Could anyone tell me how to show the (a) following line integral is of independent of the path?
$$I= \int_C[(3y^2+\pi^3\cos x)i+(6xy-3\pi^3\sin y)j]\cdot dr,$$ where $C$ is a curve connecting the point $P(-\frac{\pi}{2}, \pi)$ to $Q(\pi,\pi)$
(b) How to find a potential function and use that to find line integral?
(c) Choose the integration path $C$ to be formed from the straight line segments $C_1$ and $C_2$ where $C_1$ joins $P(-\frac{\pi}{2}, \pi)$ to $Q(\pi,\pi)$ and $C_2$ joins $Q(\pi,\pi)$ to $R(\pi,\frac{\pi}{2})$
parametrise $C_1$ and $C_2$ and evaluate the integral $I$.

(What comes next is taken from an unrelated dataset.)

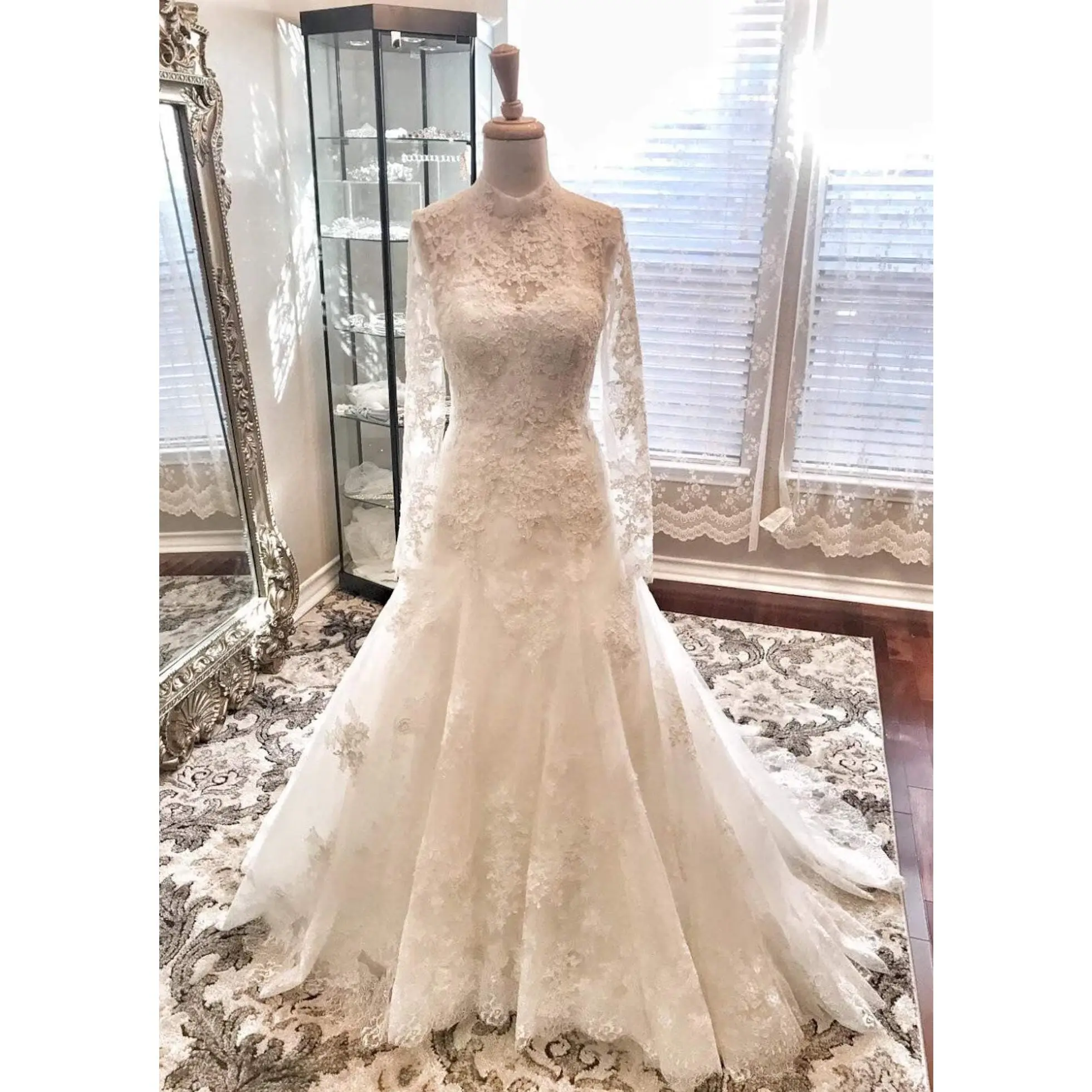 Rebekah Style Vintage Wedding Dress for Women, A-Line Tulle and Lace Gown with Long Sheer Sleeves and Chapel Train, Made-to-Order, Wedding Dresses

Thanks so much for the help!
Best Answer
You have to find a potential function $\phi$ such that $\nabla \phi = (3y^{2}+\pi^{3}\cos(x),6xy-3\pi^{3}\sin(y))$. This implies $$\frac{\partial \phi}{\partial x} = 3y^{2}+\pi^{3}\cos(x) \Rightarrow \phi(x,y) = 3y^{2}x+\pi^{3}\sin(x)+c(y)$$ where $c(y)$ is a differentiable function which might depend only on the $y$-variable, since we integrated on $x$. Now, we expect that $$\frac{\partial \phi}{\partial y} = \frac{\partial}{\partial y}(3y^{2}x+\pi^{3}\sin(x)+c(y)) = 6xy-3\pi^{3}\sin(y)\Rightarrow c'(y) = -3\pi^{3}\sin(y) \Rightarrow c(y) = 3\pi^{3}\cos(y) + K $$ with $K$ being a constant of integration. Thus, we conclude $\phi(x,y) = 3y^{2}x+\pi^{3}\sin(x)+3\pi^{3}\cos(y)+K$. Now, to your second question, use your own integral together with the parametrisations $-\frac{\pi}{2}\le x \le \pi$ and $y=\pi$ for $C_{1}$ and $x= \pi$ and $\pi \le y \le \frac{\pi}{2}$ for $C_{2}$.